Wecker braucht man hier keinen. Erst kommt der Hahn und danach der Parteifunktionär, der über Lautsprecher um 6 Uhr den Tagesappell verkündet. Dung erklärt uns die heutige Parole: Kein Feuer machen im Wald und kein Holz schlagen, dass einem nicht gehört. Das dauert etwa 5 Minuten und muss natürlich morgens um 6 sein, die Sonne geht gerade mal auf. Danach gibt es Frühstück. Apfelpfannkuchen, Apfelschnitz und eine Banane für jeden. Dazu 4 Gläser Kaffee und 4 Gläser Tee. Die Gläser sehen nicht so sauber aus und K. verzichtet auf warme Getränke. Das Wetter ist toll. Blauer Himmel, aber feucht und warm. Zum fotografieren aber gut.
Am Anfang der Wanderung geht es steil bergauf. Weil es nachts etwas genieselt hat ist der Weg sehr rutschig. Es ist recht anstrengend, aber auch wunderschön. Der Weg geht über Bäche, durch Dörfer, Urwald und Reisplantagen. Ich schwitze wie noch nie. Selbst Elke hat Schweißflecken am T-Shirt - das heißt was. Wieder müssen wir oft auf die Anderen warten. Das sind alle keine großen Wanderer. Darauf angesprochen sagen sie, dass wir die falsche Reise gebucht hätten, wenn wir schneller gehen wollen. Die Reise war als Trekkingreise beschrieben! Dung mit seinen wahrscheinlich mehr als 60 Jahren ist aber am langsamsten. Das hat er sich auch anders vorgestellt. Gegen Mittag sind wir bei einer Familie im Haus und genießen das von Frau Vogel getragene Essen. Sie hätte ja mal was sagen können. Für 15km brauchen wir 8 Stunden - satter Schnitt. Aber die Landschaft ist traumhaft.
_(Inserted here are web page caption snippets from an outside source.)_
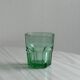 4 verres à eau vintage en verre vert translucide
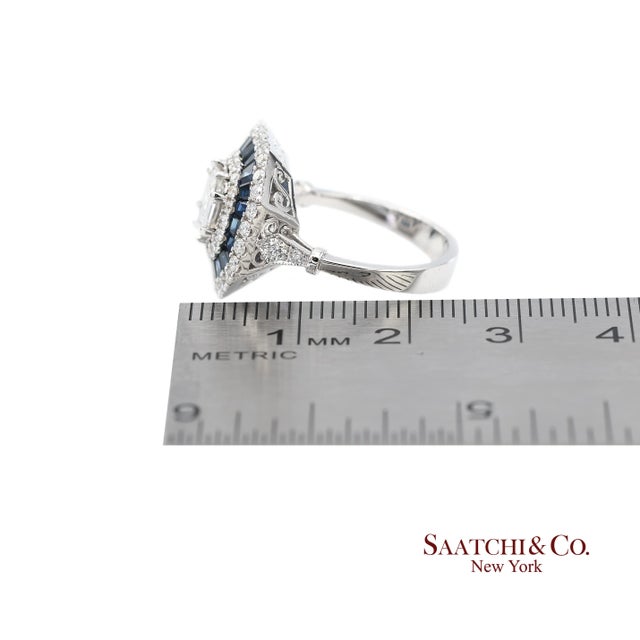 18k(750) White Gold Royal Blue Sapphire and Asscher Pie Cut Natural Diamond Ring, Size 6.5 For Sale - Image 11 of 11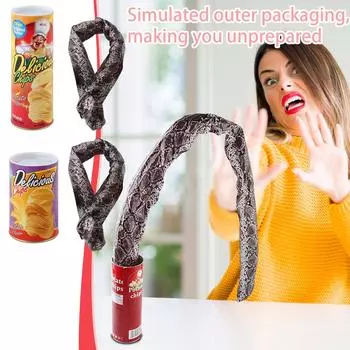 Подарок-розыгрыш в виде картофельной чипсы в виде прыгающей змеи на День смеха One Size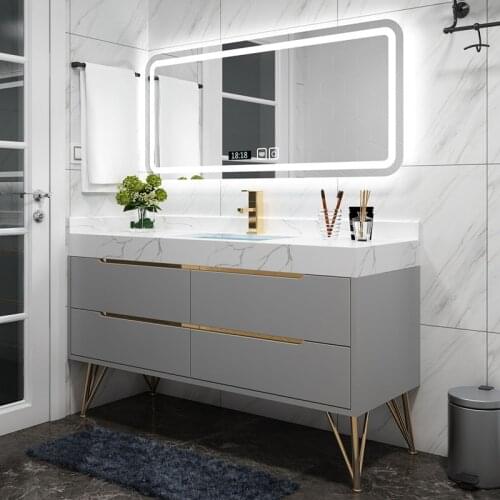 Light Luxury Bathroom Cabinet Combination Modern Minimalist Smart Mirror Vanity Bathroom Double Basin Wash Basin Cabinet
Um 17Uhr kommen wir im Mongdorf an. Dies liegt in einem Talkessel und soll eines der schönsten Dörfer hier sein. Viel später hätte es nicht werden dürfen, um 18Uhr ist es duster. Der Hausherr schnitzt gerade, oder auch schon länger, Essstäbchen aus einem Bambus. Das geht rasend schnell. Aus den Resten schnitzt er dann auch noch Zahnstocher - einer wie der andere. Das Material und die handwerklichen Fähigkeiten sind beachtlich. Nach einer äußerst nötigen Dusche und einem leckeren Essen mit Hanoibier geht es uns besser. Nur das K.+O. die mühsam geschnitzten Eßstäbchen einfach einstecken finden wir nicht toll. Der Hausherr hätte sich sicher gefreut wenn man sie ihm für wenig Geld abgekauft hätte, wahrscheinlich hätte er sie ihnen sogar geschenkt, wenn sie gefragt hätten. Diesmal legen wir uns gleich 2 Matratzen übereinander. Lange hören wir noch Gesangs- und Tanzproben zum morgigen Fest. 82 Jahre besteht dieses Dorf schon und zusätzlich wird der Tag der Freundschaft der verschiedenen Ethnien gefeiert. Das werden wir morgen überall sehen. Außerdem bellen alle Hunde gleichzeitig, der Fernseher läuft, Frau Vogel telefoniert mit ihren Töchtern und ein Schwein quikt (wurde kastriert, wie wir am nächsten Tag mitbekommen). Also idyllisch ruhig.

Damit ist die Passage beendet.